__INFORMATION SHOWN__
+===+
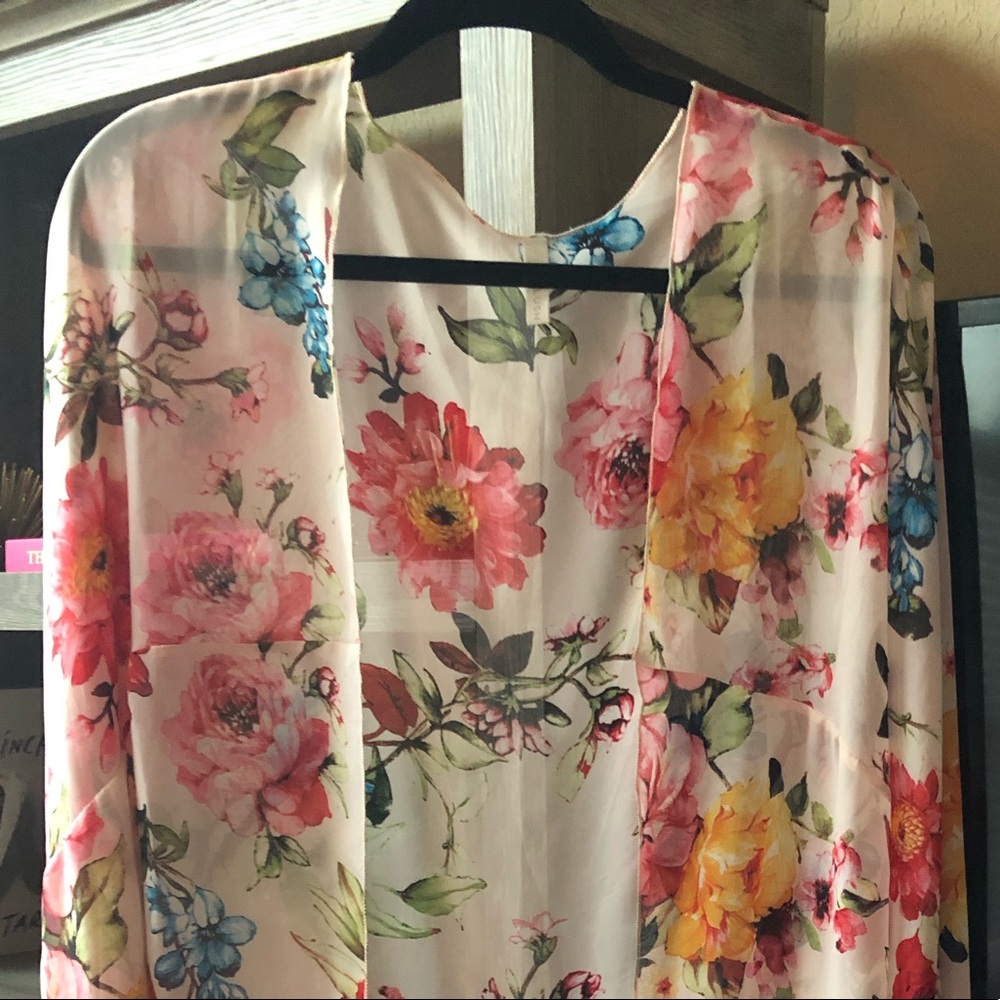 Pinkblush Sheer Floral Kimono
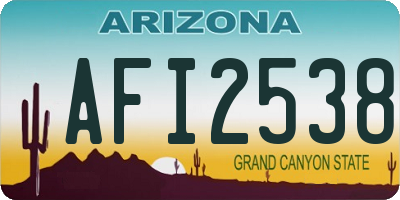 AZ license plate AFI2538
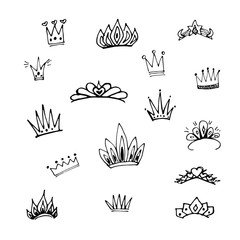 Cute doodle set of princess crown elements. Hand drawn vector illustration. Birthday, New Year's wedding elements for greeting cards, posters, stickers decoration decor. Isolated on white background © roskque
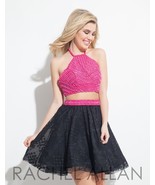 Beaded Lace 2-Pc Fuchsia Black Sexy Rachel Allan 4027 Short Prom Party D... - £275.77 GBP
+===+
__EXERCISE PROMPT__
The whole listing is to be written out exactly; the pictures stay out of the copy.

__SOLUTION TO THIS EXERCISE__
 Pinkblush Sheer Floral Kimono
 AZ license plate AFI2538
 Cute doodle set of princess crown elements. Hand drawn vector illustration. Birthday, New Year's wedding elements for greeting cards, posters, stickers decoration decor. Isolated on white background © roskque
 Beaded Lace 2-Pc Fuchsia Black Sexy Rachel Allan 4027 Short Prom Party D... - £275.77 GBP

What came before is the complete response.